— Work to be completed —
The whole listing should be retyped word for word, apart from the pictures it holds.

(Beginning of Dataset content)

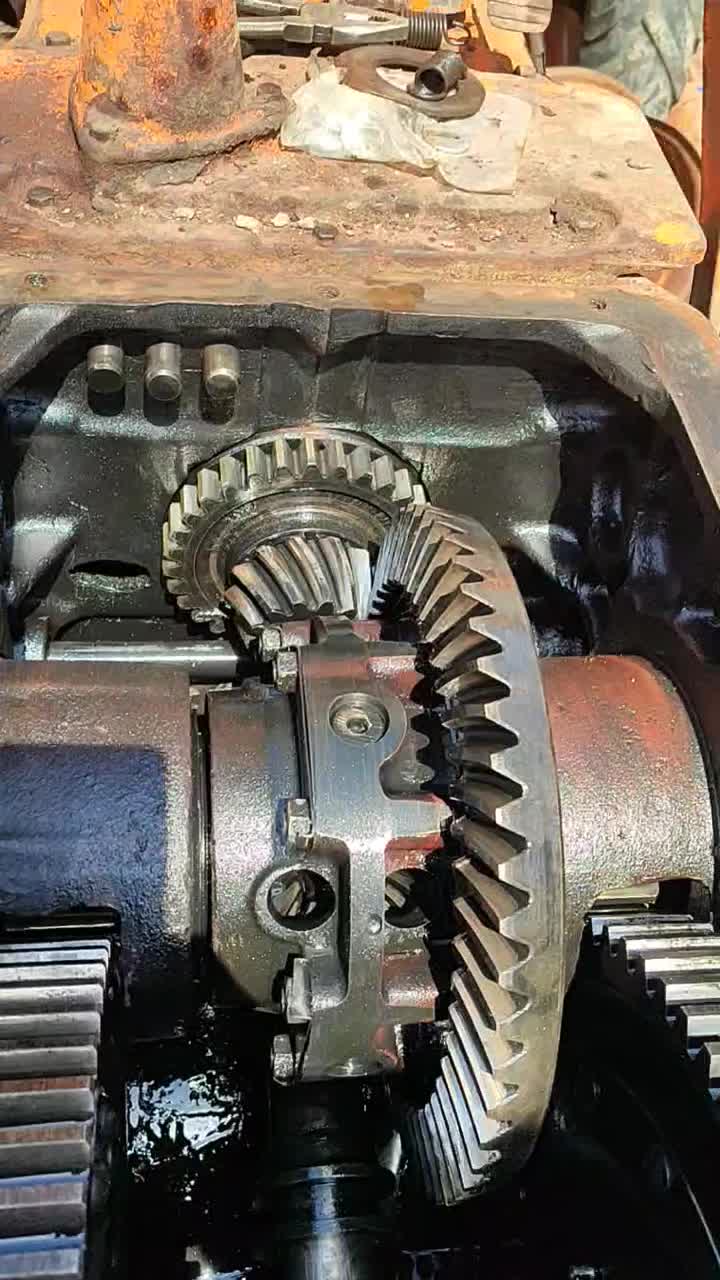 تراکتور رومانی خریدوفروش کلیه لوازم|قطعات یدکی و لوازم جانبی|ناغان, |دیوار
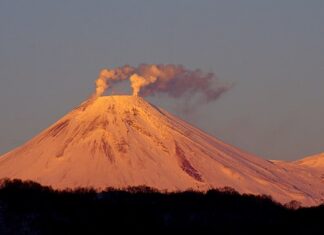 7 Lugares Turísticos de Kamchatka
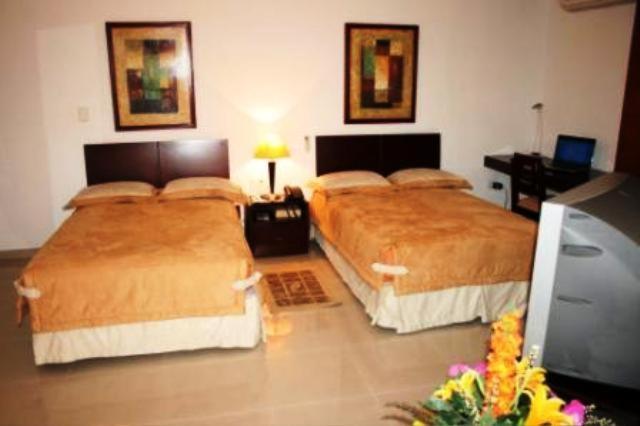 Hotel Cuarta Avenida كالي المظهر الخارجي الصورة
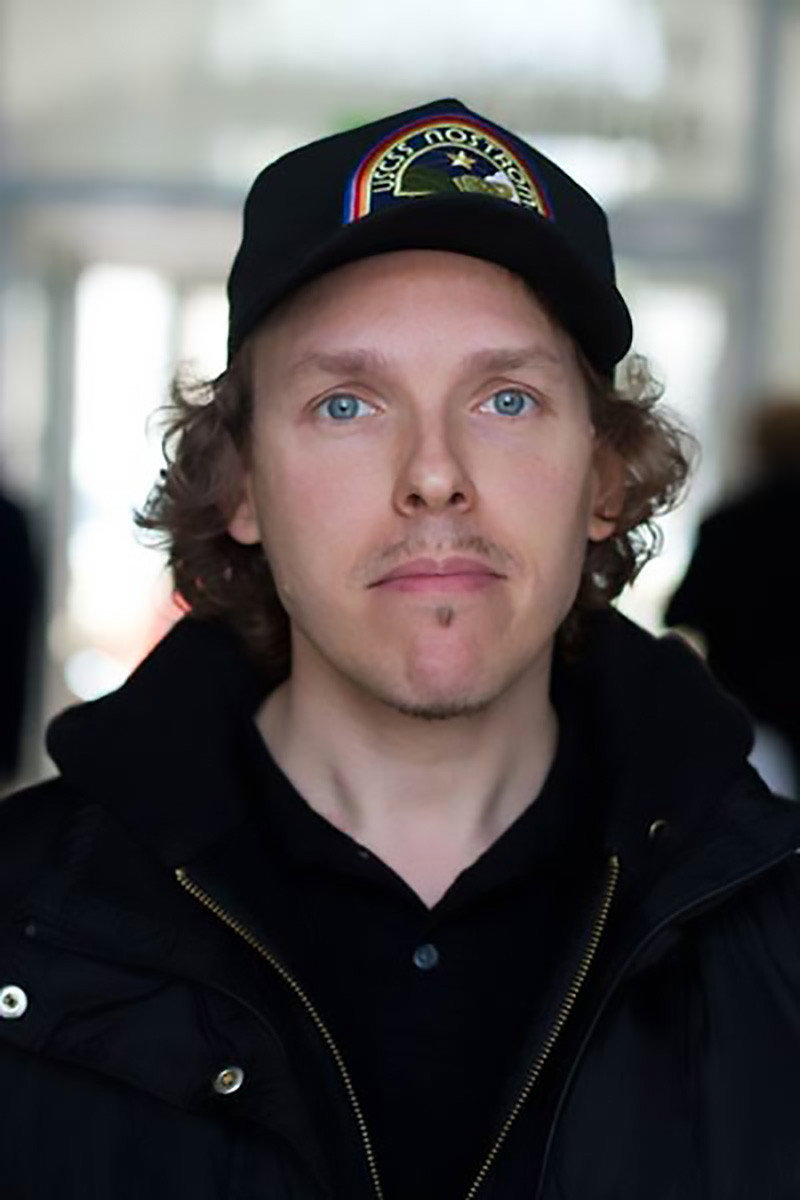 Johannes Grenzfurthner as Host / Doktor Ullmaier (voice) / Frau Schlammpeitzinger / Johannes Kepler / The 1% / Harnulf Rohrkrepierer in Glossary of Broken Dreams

(End of Dataset content)

— Answer below —
 تراکتور رومانی خریدوفروش کلیه لوازم|قطعات یدکی و لوازم جانبی|ناغان, |دیوار
 7 Lugares Turísticos de Kamchatka
 Hotel Cuarta Avenida كالي المظهر الخارجي الصورة
 Johannes Grenzfurthner as Host / Doktor Ullmaier (voice) / Frau Schlammpeitzinger / Johannes Kepler / The 1% / Harnulf Rohrkrepierer in Glossary of Broken Dreams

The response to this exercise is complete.